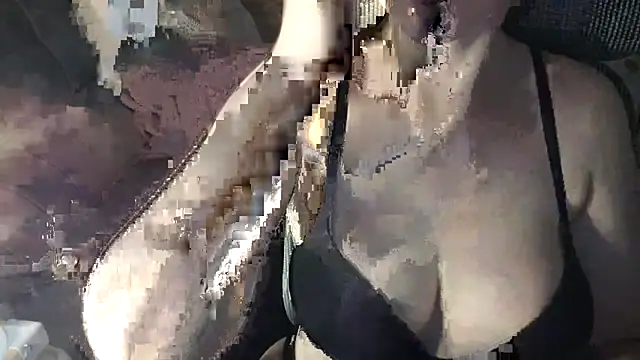 MommyLoveWetOrgasm's cam snapshot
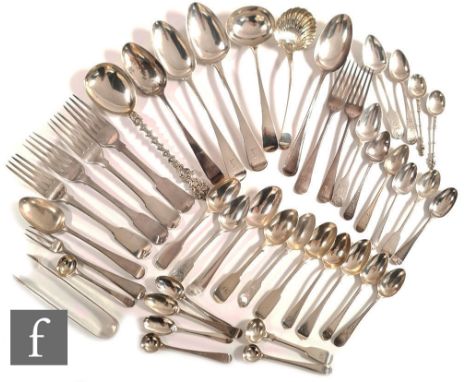 A parcel lot of assorted Georgian and later hallmarked silver flatware to include table, tea and dessert spoons, ladles, dinn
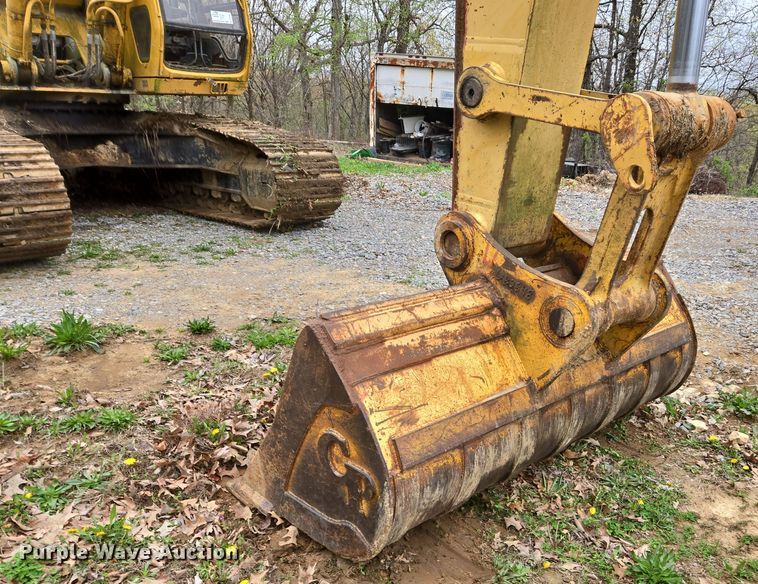 image for item DS5365 1995 John Deere 892E LC excavator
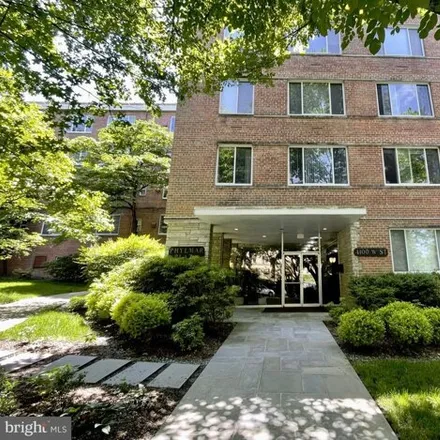 Buy this 2 bed condo on 4100 W St Nw Apt 411 in Washington, District of Columbia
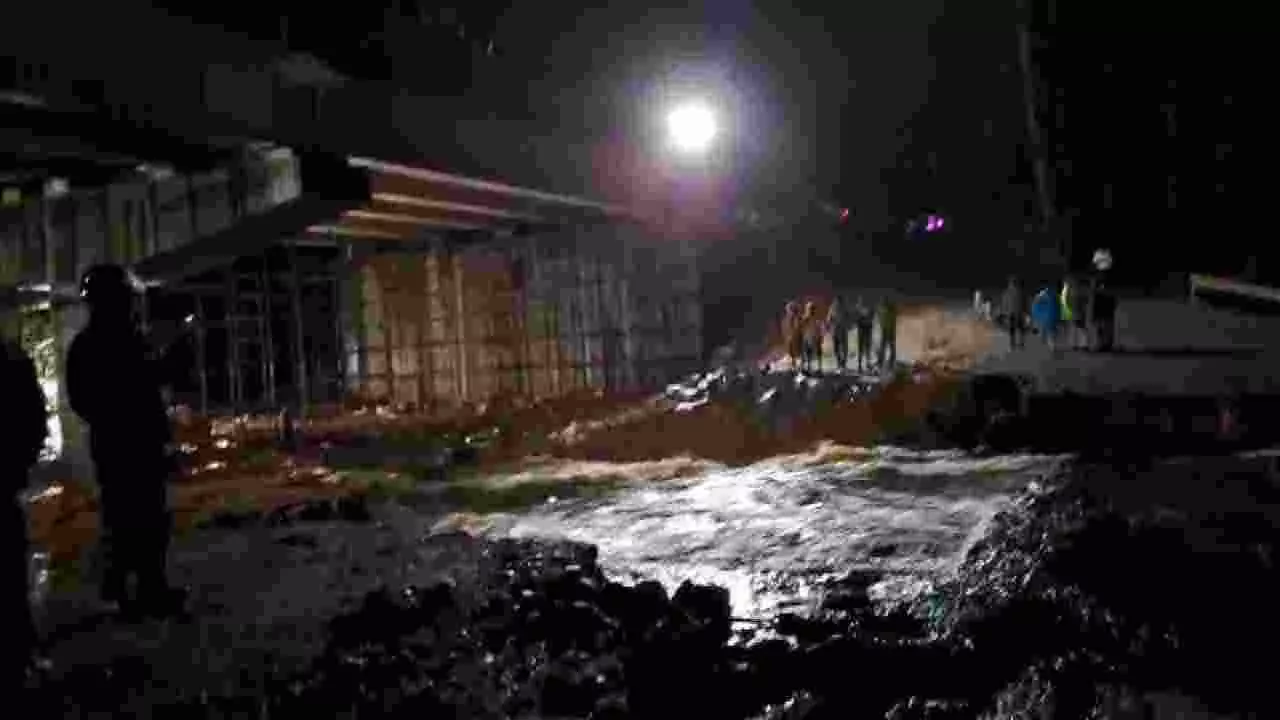 Rain News : ಕುಮಟಾ-ಶಿರಸಿ ಹೆದ್ದಾರಿ ಕೊಚ್ಚಿಹೋಗಿ ಸಂಪರ್ಕ ಕಡಿತ Rain News : ಕುಮಟಾ-ಶಿರಸಿ ಹೆದ್ದಾರಿ ಕೊಚ್ಚಿಹೋಗಿ ಸಂಪರ್ಕ ಕಡಿತ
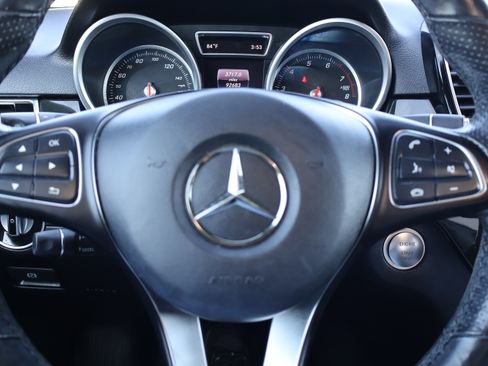 Used 2017 Mercedes-Benz GLE 350 image 27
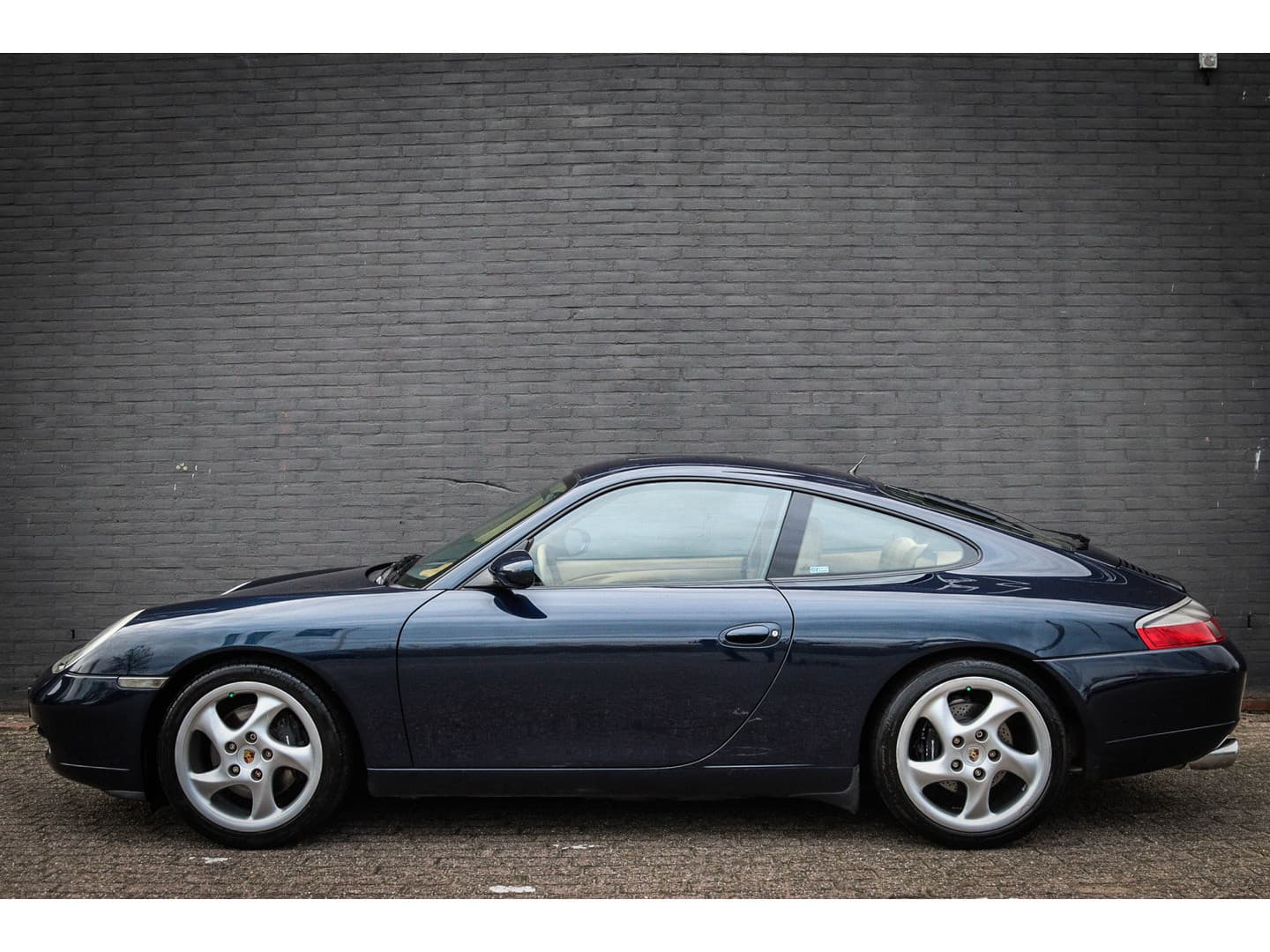 Porsche 911 3.4 Coupé Carrera 996 in zeer nette staat thumbnail 2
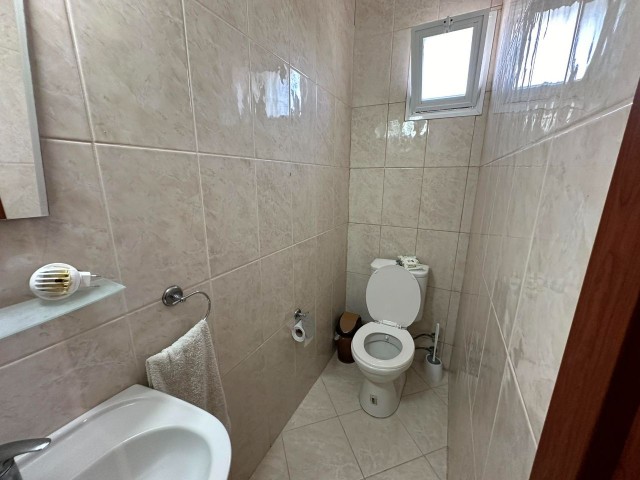 Bahçelide satılık full eşyalı daire 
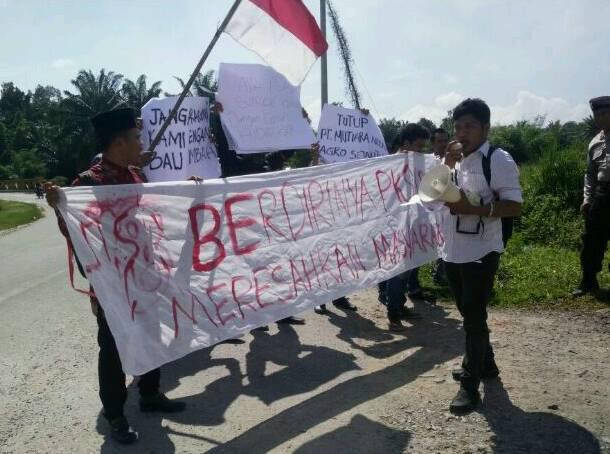 Aksi penolakan pembangunan Pabrik Kelapa Sawit di daerah permukiman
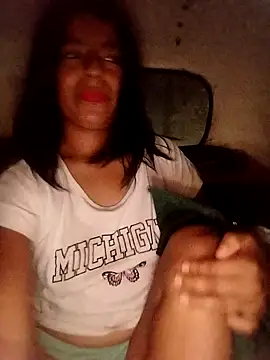 Snapshot of Danna-linyi chatting on 02/23/25, 12:08 Danna-linyi online show from 02/23/25, 12:08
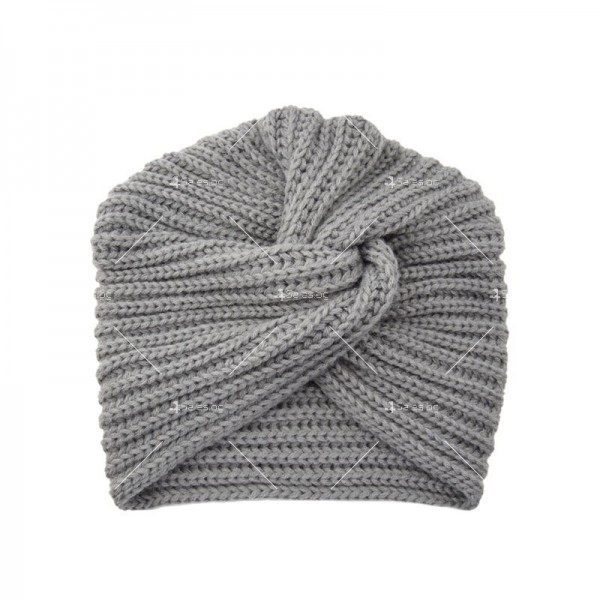 Дамска зимна плетена шапка с усукан възел по средата DM5 8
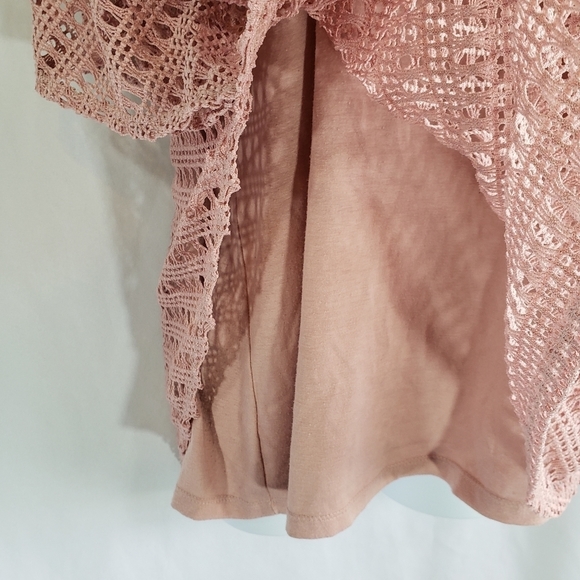 EUC Light Dusty Pink Crocheted Poncho Top w/Butterfly Sleeve Size L - Picture 4 of 6
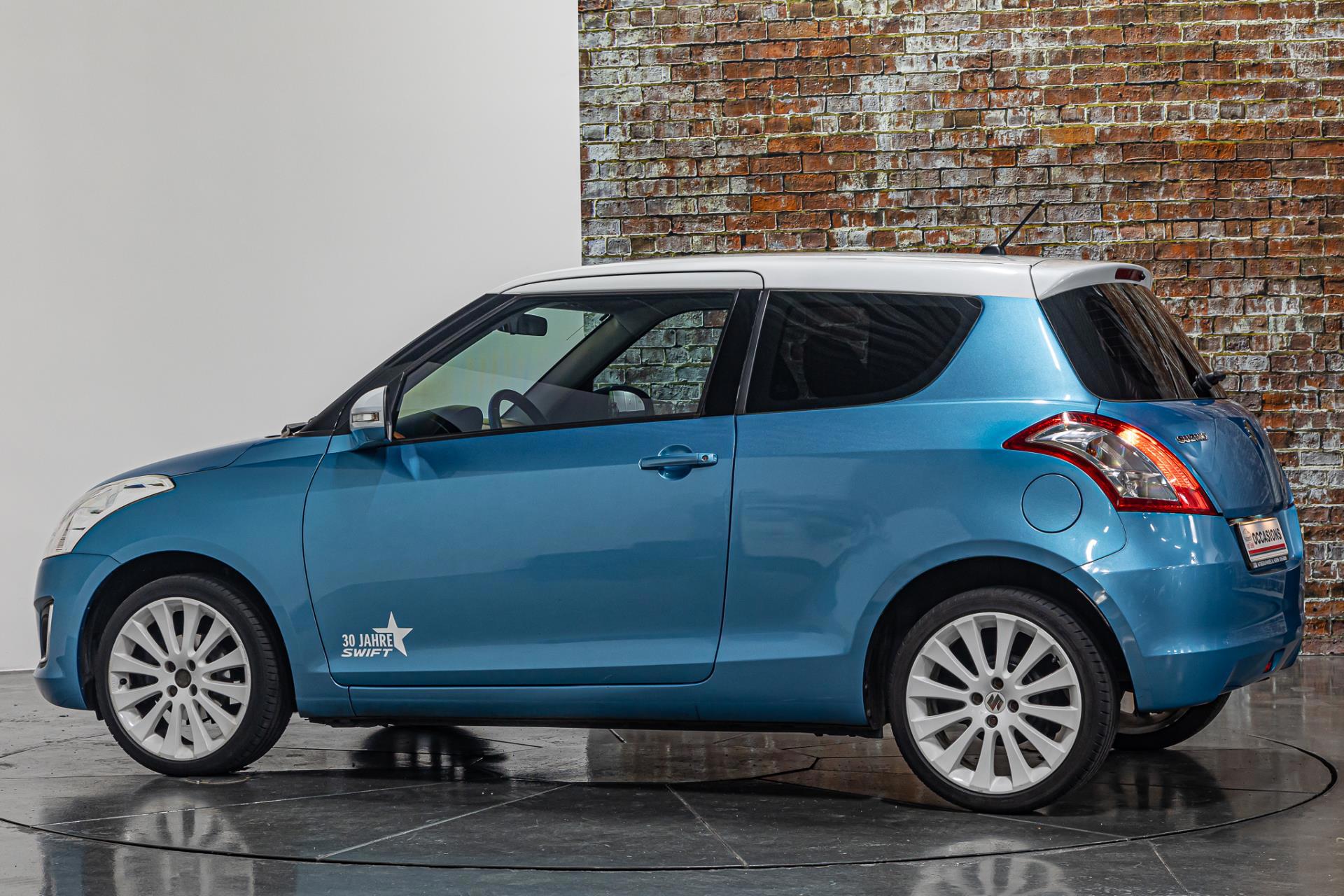 Suzuki Swift 1.2 Base EASSS I Airco I Cruise controle I Rijklaarprijs 48122659-10.jpg | Autobedrijf van Geel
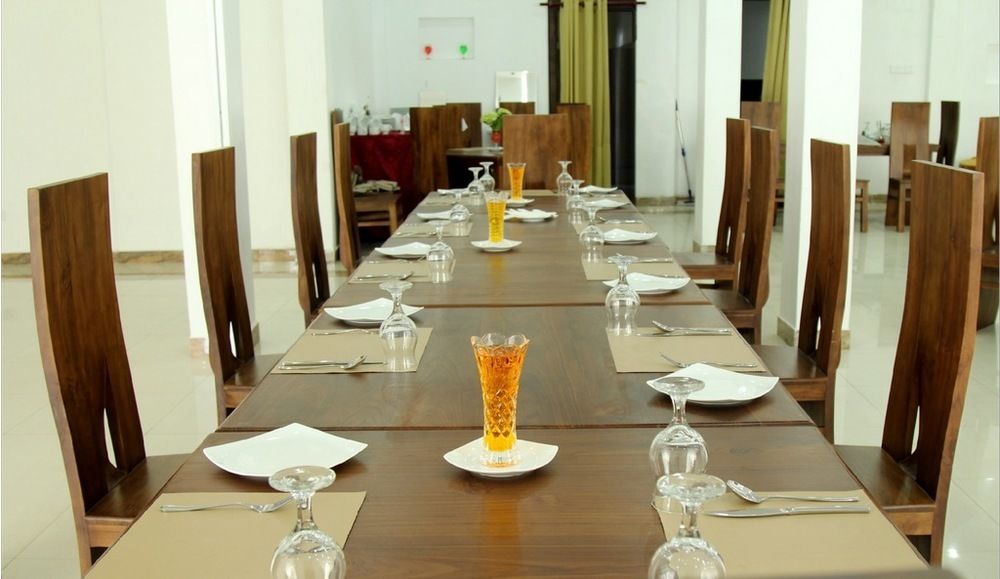 Hotel The Queensburry 4*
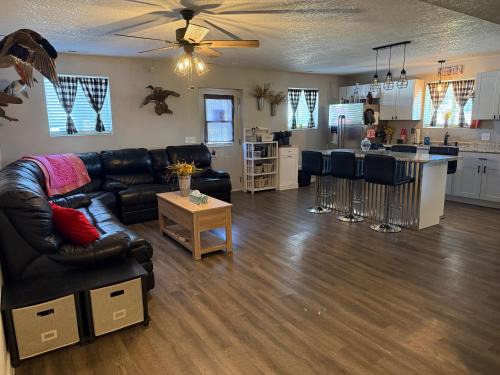 Columbia House | The Galley at Rathbun Lake Iowa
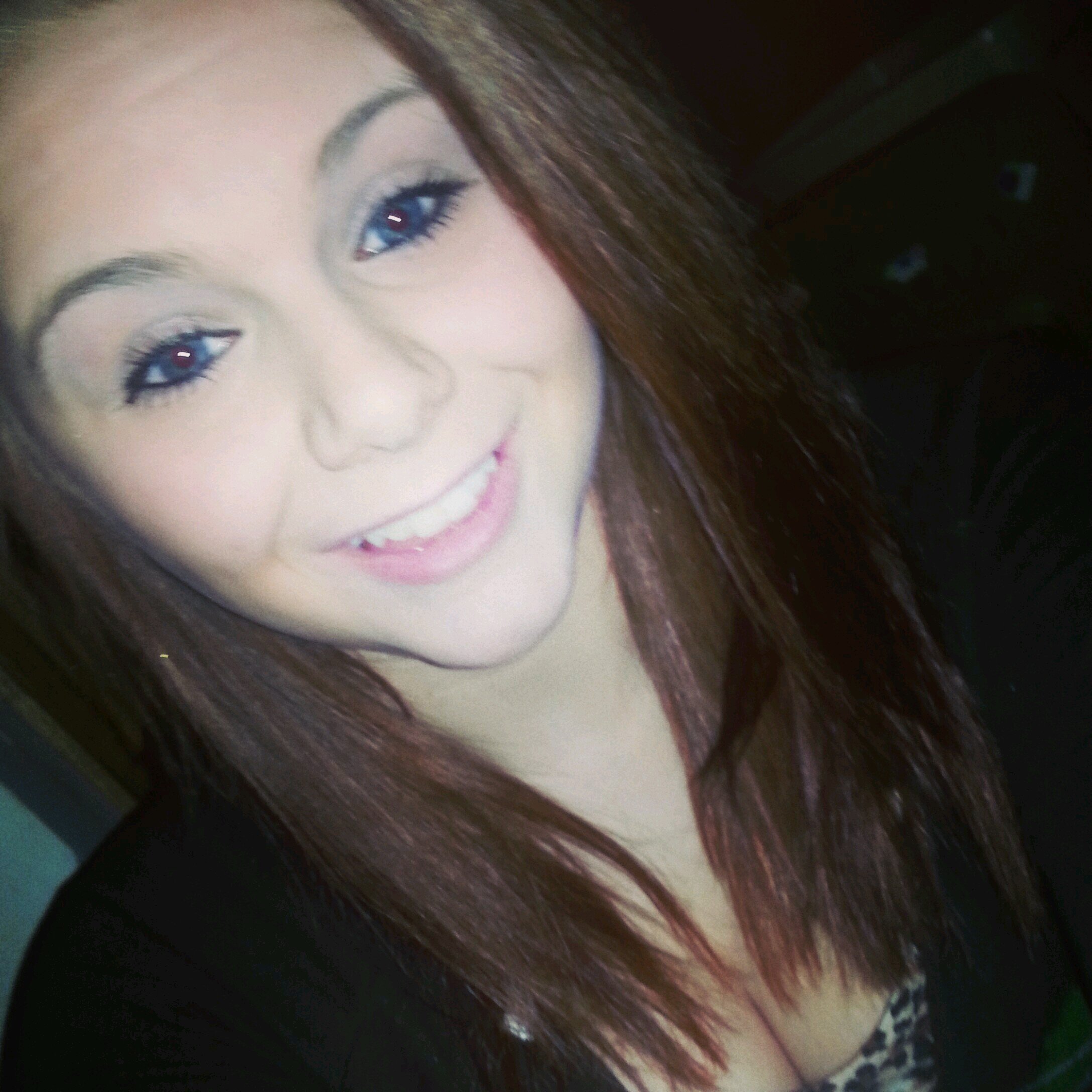 StonerGirlSwegg's profile picture. Just a wanna be vocalist and rapper over hurr. My life is an acid trip ♥ I follow back (:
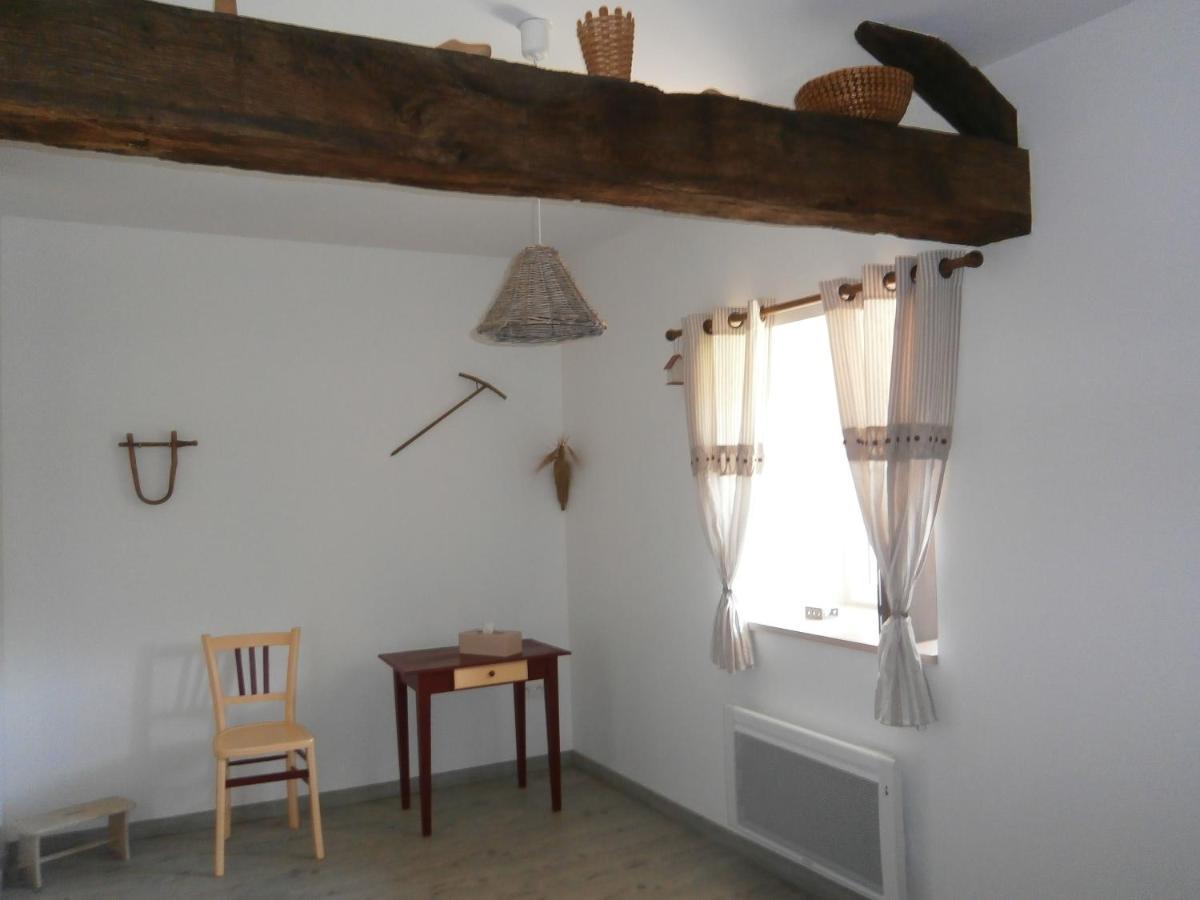 La Chomiarde Bed & Breakfast Saint-Médard-de-Presque Екстериор снимка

### ASSIGNMENT
The copy should match the records above exactly, except that pictures are dropped.

### WRITTEN SOLUTION
 MommyLoveWetOrgasm's cam snapshot
 A parcel lot of assorted Georgian and later hallmarked silver flatware to include table, tea and dessert spoons, ladles, dinn
 image for item DS5365 1995 John Deere 892E LC excavator
 Buy this 2 bed condo on 4100 W St Nw Apt 411 in Washington, District of Columbia
 Rain News : ಕುಮಟಾ-ಶಿರಸಿ ಹೆದ್ದಾರಿ ಕೊಚ್ಚಿಹೋಗಿ ಸಂಪರ್ಕ ಕಡಿತ Rain News : ಕುಮಟಾ-ಶಿರಸಿ ಹೆದ್ದಾರಿ ಕೊಚ್ಚಿಹೋಗಿ ಸಂಪರ್ಕ ಕಡಿತ
 Used 2017 Mercedes-Benz GLE 350 image 27
 Porsche 911 3.4 Coupé Carrera 996 in zeer nette staat thumbnail 2
 Bahçelide satılık full eşyalı daire 
 Aksi penolakan pembangunan Pabrik Kelapa Sawit di daerah permukiman
 Snapshot of Danna-linyi chatting on 02/23/25, 12:08 Danna-linyi online show from 02/23/25, 12:08
 Дамска зимна плетена шапка с усукан възел по средата DM5 8
 EUC Light Dusty Pink Crocheted Poncho Top w/Butterfly Sleeve Size L - Picture 4 of 6
 Suzuki Swift 1.2 Base EASSS I Airco I Cruise controle I Rijklaarprijs 48122659-10.jpg | Autobedrijf van Geel
 Hotel The Queensburry 4*
 Columbia House | The Galley at Rathbun Lake Iowa
 StonerGirlSwegg's profile picture. Just a wanna be vocalist and rapper over hurr. My life is an acid trip ♥ I follow back (:
 La Chomiarde Bed & Breakfast Saint-Médard-de-Presque Екстериор снимка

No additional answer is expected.